34: Instruction Set Architectures

Nov 14, 2023

After a quick few drinks at the bar in celebration of how far we’ve come, let’s get back to work. We are still nowhere near the modern computer.

This next article is about deciding what instructions to include in a processing unit in general, and not just the central processing unit. An Instruction Set Architecture (ISA) may sound scary, as would any phrase with the word “architecture” in it, but do not be alarmed just yet. Truly understanding the architectures of instruction sets is not trivial, but it usually is also not necessary, especially because the architectures, in part, have to do with how much physical space is available on a CPU/ASIC and what instructions are needed.

Simply put, an instruction specifies a circuit to be run, by some bit combination, for example, 92 (1011010).
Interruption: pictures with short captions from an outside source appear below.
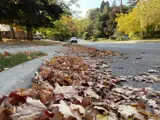 Street showing leaves on the roadway and a car parked further along the road.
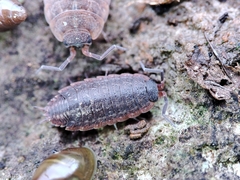 Porcellionides rufocinctus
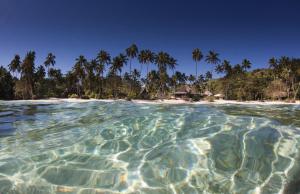 Fotografie z fotogalerie ubytování Mango Bay Resort v destinaci Namatakula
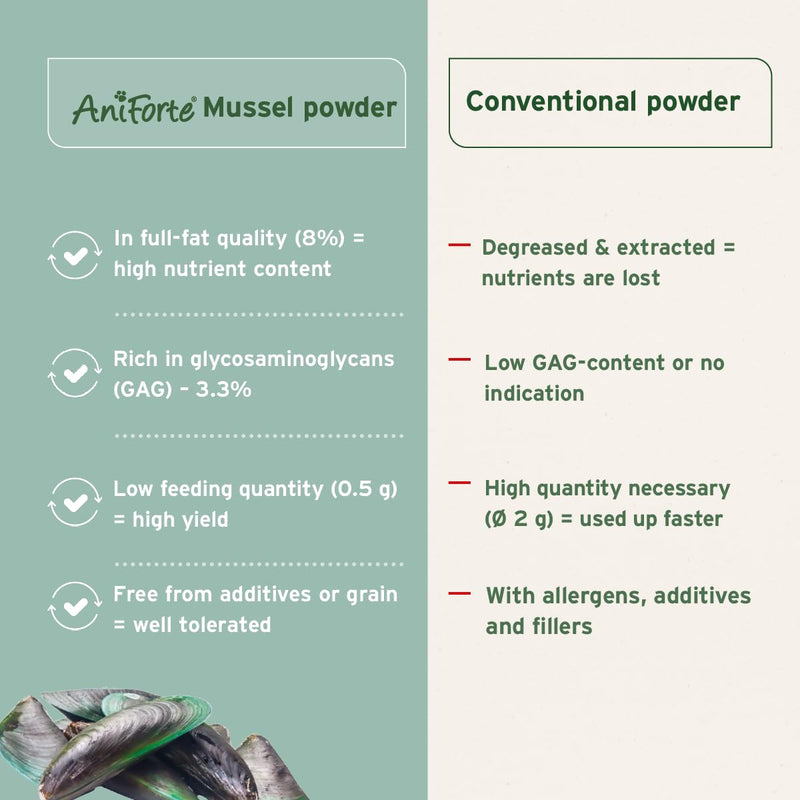 AniForte Green Lipped Mussel for Dogs and Cats 500g Powder - 100% Natural Joint Supplement with Glucosamine, Lipids, Omega-3 Fatty Acids, Minerals and Amino Acids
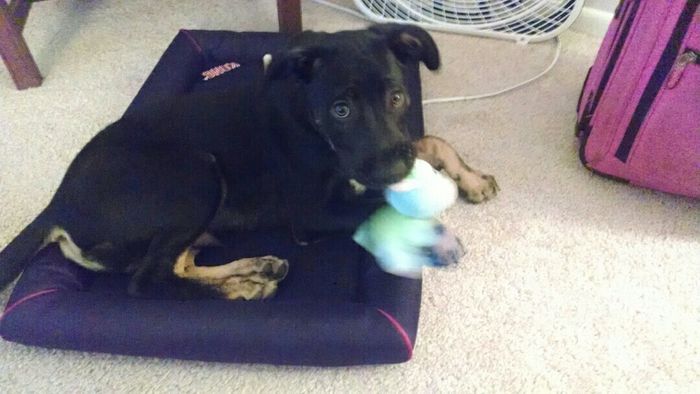 PUPPY FEVER!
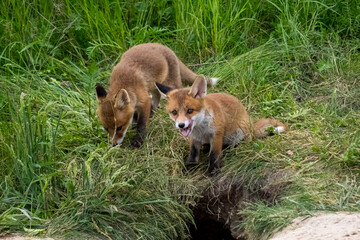 Zwei Jungfüchse spielen vor dem Bau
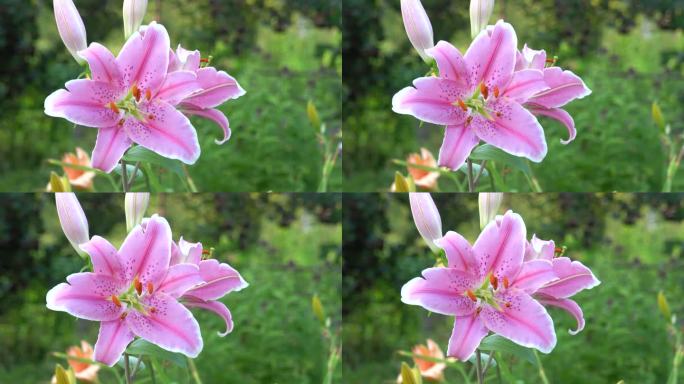 粉红色的黄花菜或萱草花在花园里随风摇曳，特写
The circuit can be some operation such as a SHIFT, an ADD, a memory MOVE operation, or any other thing a processing unit can execute. Using a little math, we know that from 8 bit instructions, one can construct 2⁸=256 different numbers, meaning that a computer with 8-bit instructions can only contain up to 256 unique circuits that it can execute. The whole set of possible instructions one can execute, created via digital circuit design, is known as an instruction set architecture.

An 8-bit processor, as one might hear, however, does not mean that the ISA has opcodes (operation codes) of length 8. Instead, this number refers to the size of the registers within the CPU.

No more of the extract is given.